Island Sink (illustrated)

(edited to add: Whoops, A.W. beat me to it . . .)


----------



## nywoodwizard (Sep 10, 2005)

Herk said:


> I'm not sure what you're talking about. An island sink doesn't have a trap under the floor.
> 
> Island Sink (illustrated)
> 
> (edited to add: Whoops, A.W. beat me to it . . .)

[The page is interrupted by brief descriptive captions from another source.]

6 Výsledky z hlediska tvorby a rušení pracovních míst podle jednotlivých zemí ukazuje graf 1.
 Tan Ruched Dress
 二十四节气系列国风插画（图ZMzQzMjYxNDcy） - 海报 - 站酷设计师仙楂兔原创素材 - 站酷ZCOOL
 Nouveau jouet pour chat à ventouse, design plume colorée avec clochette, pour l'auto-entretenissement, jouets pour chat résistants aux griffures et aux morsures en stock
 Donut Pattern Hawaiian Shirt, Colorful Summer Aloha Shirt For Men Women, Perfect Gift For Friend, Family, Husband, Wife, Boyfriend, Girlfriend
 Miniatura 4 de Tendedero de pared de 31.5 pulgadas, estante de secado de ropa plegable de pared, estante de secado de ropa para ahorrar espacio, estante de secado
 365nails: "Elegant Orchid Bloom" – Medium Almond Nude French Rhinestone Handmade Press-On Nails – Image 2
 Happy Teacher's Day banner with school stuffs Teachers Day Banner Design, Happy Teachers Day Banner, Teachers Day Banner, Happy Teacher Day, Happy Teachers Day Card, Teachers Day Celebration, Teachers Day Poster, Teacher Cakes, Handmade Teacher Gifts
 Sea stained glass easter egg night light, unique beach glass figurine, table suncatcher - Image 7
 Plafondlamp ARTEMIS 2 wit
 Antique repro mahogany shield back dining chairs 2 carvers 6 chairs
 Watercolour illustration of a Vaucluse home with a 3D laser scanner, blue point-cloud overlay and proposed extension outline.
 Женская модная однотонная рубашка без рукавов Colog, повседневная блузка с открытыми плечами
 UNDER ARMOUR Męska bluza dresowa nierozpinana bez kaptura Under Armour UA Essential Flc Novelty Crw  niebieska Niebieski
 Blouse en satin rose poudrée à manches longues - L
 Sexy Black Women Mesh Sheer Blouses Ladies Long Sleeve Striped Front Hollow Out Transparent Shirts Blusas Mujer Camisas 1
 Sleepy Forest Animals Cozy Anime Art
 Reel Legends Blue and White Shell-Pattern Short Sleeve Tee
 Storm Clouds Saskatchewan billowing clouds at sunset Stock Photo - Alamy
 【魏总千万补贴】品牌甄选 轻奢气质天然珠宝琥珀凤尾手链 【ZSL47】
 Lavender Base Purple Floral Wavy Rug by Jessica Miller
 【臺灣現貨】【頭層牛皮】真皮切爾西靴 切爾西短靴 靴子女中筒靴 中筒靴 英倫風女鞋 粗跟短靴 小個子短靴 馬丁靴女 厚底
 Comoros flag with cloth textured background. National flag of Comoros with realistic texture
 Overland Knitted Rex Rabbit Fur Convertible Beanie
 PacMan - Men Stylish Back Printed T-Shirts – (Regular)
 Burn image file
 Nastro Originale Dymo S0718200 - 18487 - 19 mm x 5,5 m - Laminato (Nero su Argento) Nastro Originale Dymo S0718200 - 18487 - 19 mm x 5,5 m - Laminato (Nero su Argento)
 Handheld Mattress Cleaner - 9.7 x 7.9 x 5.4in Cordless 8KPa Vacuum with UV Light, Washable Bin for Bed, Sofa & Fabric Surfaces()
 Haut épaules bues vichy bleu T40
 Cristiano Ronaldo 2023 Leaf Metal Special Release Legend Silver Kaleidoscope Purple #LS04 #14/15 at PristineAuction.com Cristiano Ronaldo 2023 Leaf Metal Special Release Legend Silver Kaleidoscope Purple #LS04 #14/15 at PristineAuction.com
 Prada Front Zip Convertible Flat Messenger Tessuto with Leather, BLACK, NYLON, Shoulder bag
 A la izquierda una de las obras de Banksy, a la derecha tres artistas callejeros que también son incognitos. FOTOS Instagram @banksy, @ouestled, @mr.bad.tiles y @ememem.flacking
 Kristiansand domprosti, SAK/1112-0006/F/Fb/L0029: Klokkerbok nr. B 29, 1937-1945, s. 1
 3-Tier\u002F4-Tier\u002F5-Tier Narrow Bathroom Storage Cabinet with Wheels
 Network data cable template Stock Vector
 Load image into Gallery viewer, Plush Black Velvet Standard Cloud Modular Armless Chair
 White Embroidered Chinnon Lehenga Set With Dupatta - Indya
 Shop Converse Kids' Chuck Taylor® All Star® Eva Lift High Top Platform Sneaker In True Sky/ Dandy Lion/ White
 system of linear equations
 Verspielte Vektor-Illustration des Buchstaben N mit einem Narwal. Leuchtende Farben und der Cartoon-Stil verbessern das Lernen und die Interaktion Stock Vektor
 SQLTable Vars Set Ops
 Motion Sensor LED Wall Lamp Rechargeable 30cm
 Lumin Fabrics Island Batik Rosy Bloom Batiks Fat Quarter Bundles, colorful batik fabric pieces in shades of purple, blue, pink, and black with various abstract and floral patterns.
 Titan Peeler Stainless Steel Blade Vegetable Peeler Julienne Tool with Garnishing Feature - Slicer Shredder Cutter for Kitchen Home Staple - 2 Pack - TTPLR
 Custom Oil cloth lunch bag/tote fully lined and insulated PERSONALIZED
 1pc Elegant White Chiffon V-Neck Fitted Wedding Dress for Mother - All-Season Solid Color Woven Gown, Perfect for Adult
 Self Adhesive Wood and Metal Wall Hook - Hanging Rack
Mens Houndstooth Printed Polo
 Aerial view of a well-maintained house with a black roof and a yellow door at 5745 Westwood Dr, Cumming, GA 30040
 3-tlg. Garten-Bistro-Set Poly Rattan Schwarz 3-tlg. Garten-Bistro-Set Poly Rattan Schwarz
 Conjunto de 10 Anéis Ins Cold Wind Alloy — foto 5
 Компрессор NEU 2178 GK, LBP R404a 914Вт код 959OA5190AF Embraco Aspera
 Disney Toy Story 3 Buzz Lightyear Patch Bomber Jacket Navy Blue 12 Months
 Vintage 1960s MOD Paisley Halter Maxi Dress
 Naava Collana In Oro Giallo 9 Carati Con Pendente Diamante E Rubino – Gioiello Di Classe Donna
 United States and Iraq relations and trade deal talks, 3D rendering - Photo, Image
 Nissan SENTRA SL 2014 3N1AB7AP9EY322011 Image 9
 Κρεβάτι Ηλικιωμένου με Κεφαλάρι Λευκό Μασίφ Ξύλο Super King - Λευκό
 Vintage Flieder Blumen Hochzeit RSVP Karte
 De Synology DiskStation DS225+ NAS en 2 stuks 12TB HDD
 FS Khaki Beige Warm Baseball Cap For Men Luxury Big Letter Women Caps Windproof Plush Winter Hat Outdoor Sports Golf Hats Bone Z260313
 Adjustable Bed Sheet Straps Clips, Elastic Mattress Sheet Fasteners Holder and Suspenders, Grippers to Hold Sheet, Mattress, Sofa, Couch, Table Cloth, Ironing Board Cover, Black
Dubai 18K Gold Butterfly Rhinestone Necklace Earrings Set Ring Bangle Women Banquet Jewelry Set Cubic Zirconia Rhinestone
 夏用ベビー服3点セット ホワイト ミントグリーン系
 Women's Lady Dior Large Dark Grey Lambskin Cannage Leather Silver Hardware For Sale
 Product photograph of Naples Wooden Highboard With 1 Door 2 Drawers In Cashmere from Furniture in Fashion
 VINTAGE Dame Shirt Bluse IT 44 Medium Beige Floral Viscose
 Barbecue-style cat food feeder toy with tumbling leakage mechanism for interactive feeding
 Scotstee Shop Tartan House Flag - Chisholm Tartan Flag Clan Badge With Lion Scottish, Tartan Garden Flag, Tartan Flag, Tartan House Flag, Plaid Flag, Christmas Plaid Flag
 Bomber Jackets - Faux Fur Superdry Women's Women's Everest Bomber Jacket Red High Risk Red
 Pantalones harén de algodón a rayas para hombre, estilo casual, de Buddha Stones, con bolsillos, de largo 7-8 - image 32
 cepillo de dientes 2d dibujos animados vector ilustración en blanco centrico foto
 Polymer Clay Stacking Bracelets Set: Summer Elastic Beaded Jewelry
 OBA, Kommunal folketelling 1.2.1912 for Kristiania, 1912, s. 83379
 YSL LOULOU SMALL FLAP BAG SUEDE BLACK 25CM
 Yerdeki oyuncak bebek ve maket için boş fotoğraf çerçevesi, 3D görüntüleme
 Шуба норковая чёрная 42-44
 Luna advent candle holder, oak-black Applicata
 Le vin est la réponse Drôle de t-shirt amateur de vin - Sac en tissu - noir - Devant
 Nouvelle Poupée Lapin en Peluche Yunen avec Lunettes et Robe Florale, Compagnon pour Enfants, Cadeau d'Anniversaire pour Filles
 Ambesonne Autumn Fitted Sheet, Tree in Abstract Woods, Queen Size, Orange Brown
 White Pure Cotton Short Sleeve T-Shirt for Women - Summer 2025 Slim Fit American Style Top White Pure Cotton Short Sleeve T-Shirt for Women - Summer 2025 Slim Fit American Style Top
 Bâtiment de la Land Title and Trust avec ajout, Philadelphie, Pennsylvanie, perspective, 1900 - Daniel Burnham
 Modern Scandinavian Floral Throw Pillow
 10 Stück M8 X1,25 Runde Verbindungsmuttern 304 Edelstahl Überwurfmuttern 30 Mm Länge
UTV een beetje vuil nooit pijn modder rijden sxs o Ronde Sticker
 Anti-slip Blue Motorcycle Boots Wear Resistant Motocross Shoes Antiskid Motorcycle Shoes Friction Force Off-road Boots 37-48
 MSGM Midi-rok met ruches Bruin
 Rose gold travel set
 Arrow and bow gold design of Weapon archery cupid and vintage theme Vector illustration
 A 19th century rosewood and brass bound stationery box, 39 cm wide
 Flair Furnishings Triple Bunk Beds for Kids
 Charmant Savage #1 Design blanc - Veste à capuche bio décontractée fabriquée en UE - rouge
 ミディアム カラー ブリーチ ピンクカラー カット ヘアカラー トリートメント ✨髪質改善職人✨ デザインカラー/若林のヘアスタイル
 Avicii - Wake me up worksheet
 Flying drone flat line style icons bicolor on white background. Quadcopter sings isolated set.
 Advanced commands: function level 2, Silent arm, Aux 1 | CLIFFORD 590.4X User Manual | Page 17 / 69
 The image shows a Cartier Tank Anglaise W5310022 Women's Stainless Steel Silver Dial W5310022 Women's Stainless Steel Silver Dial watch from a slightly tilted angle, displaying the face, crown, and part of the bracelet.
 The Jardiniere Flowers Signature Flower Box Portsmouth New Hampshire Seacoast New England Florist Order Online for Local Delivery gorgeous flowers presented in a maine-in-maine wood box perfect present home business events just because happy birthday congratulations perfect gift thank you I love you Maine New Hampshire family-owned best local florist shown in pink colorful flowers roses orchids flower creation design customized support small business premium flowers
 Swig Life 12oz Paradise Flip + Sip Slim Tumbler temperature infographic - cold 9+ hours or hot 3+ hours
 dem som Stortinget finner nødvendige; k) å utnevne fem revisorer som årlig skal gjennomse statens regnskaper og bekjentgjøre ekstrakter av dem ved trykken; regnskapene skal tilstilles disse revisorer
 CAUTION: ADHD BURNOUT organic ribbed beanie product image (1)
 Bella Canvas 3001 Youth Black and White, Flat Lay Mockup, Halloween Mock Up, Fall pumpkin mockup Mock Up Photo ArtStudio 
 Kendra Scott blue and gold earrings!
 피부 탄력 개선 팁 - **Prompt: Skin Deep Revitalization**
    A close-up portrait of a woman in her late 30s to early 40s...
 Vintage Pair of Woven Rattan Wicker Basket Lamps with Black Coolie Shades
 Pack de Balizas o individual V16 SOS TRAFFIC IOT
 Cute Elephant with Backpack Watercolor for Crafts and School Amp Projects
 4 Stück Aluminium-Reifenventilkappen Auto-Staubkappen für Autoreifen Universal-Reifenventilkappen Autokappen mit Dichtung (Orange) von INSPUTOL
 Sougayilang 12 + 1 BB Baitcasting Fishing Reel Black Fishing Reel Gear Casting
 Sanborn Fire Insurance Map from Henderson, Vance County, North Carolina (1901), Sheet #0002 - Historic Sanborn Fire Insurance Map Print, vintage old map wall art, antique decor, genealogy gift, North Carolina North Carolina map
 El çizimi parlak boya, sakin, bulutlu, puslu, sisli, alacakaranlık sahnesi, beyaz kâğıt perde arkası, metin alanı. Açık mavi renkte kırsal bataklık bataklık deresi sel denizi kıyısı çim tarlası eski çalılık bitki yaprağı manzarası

Ah ha. It certainly don't look like that! What the heII was this plumber thinking. There is a p-trap under the floor and its vented ,the pipe comes up behind the sink base and in. I'll try and get a picture tomorrow. Looks like its all wrong from those pictures.


----------



## A W Smith (Oct 14, 2007)

the only time I have seen traps under the floor is for tubs and showers. You sure that was a plumber and not a handyman?


----------



## The plumber (Jul 5, 2007)

If it is trapped under the sink and then 90s down that is an s-trap and it's illegal due to the trap sucking vacuum that it creates. There should be a sanitaty tee in the wall that the trap arm/sink drain goes directly in to. Above this san-t there needs to be some form of a vent like an island vent or studor vent. I prefer the island vent.

I would ask to see that license


----------



## KillerToiletSpider (May 27, 2007)

A fixture that is double trapped will become airbound, and drain painfully slow.


----------



## aWorkaHolic (Oct 1, 2007)

KillerToiletSpi said:


> A fixture that is double trapped will become airbound, and drain painfully slow.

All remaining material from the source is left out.